If http://www.google.com/NOTFOUND is requested, the following text
appears in the response:
"Not Found
The requested URL /NOTFOUND was not found on this server."

The server response lacks charset encoding enforcement, such as:
* Response headers: "Content-Type: text/html; charset=[encoding]".
* Response body: "<meta http-equiv="Content-Type" (...)
charset=[encoding]/>".

--[ XSS vulnerabilities

While the aforementioned mechanisms (URL redirection script,
404 NOT FOUND) escape common characters used for XSS, such as <>
(triangular parenthesis) and apostrophes, it fails to handle
hazardous UTF-7 encoded payloads.

Therefore, when sending an XSS attack payload, encoded in UTF-7, the
payload will return in the response without being altered.

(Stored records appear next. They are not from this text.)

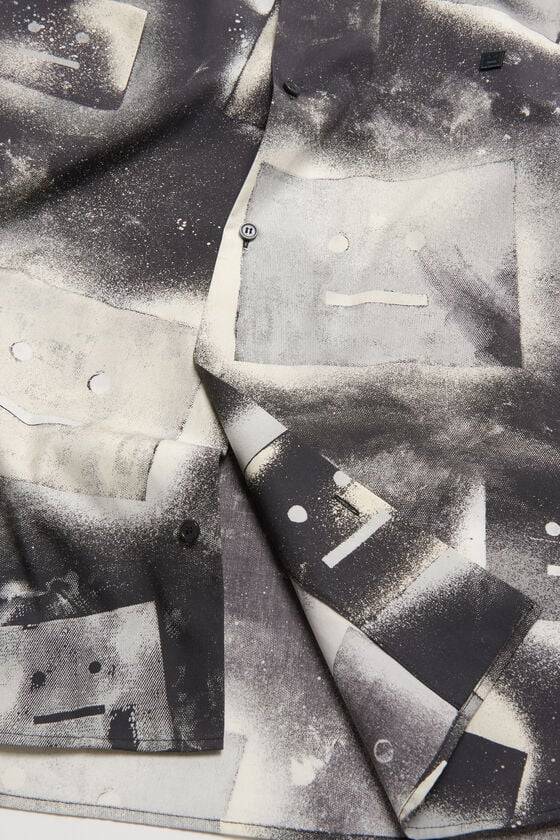Acne Studios Bedrucktes Hemd mit Knopfleiste Unisex Speichern exportieren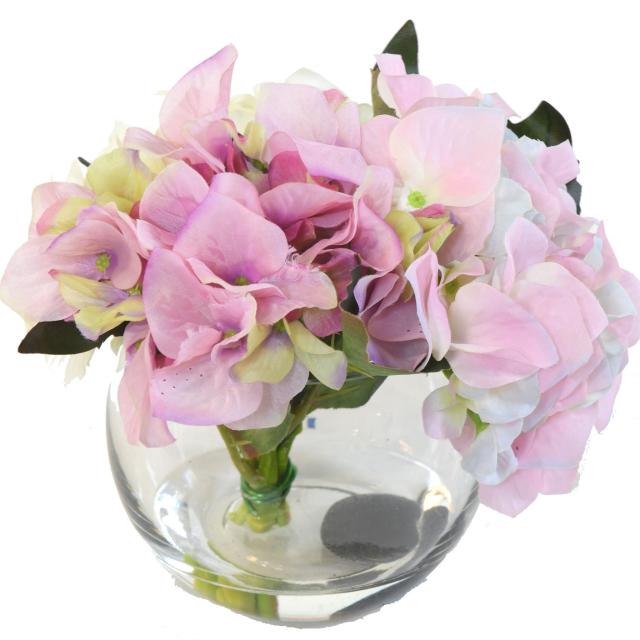 CENTRE DE TABLE HORTENSIA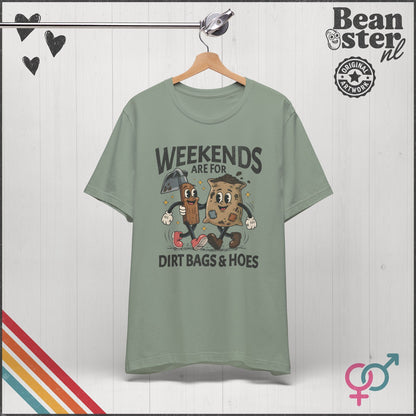 Hoes And Dirt Bags Graphic Tee – Funny Adult Humor Shirt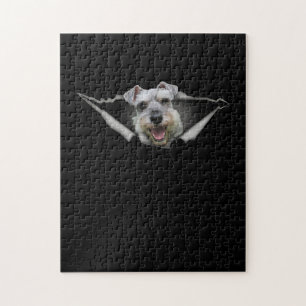 Funny schnauzer Lover Gift Jigsaw Puzzle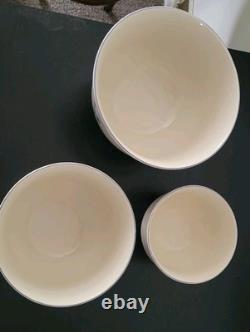 Aunt Rhody Mother Goose Mixing Bowl Set 3 Piece 10 3/8-9-7
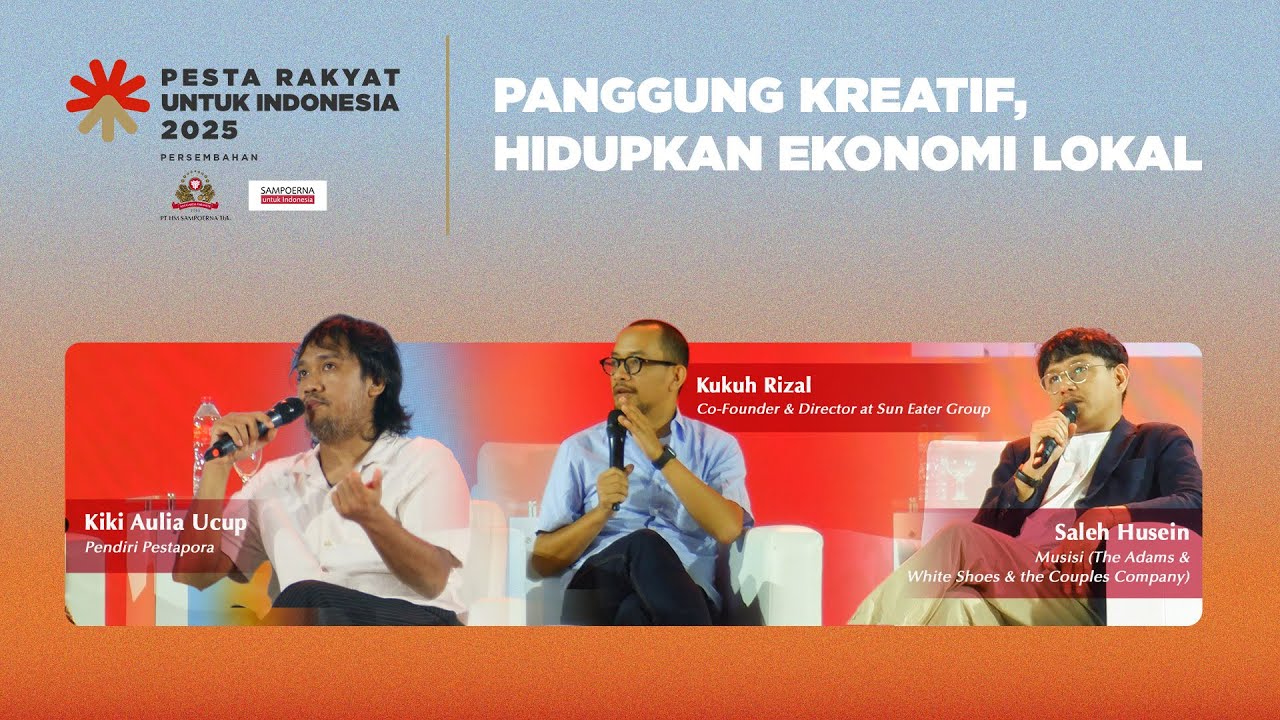 Bincang Karya - Pesta Rakyat untuk Indonesia - Kiki Ucup, Kukuh Rizal, dan Saleh Husein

For the attack to succeed (script execution), the victim's browser
should treat the XSS payload as UTF-7.

--[ IE charset encoding Auto-Selection

If 'Encoding' is set to 'Auto-Select', and Internet-Explorer finds a
UTF-7 string in the first 4096 characters of the response's body,
it will set the charset encoding to UTF-7 automatically, unless a
certain charset encoding is already enforced.

This automatic encoding selection feature makes it possible to mount
UTF-7 XSS attacks on Google.com.

--[ Solution

Google solved the aforementioned issues at 01/12/2005, by using
character encoding enforcement.

--[ Acknowledgement

The author would like to commend the Google Security Team for their
cooperation and communication regarding this vulnerability.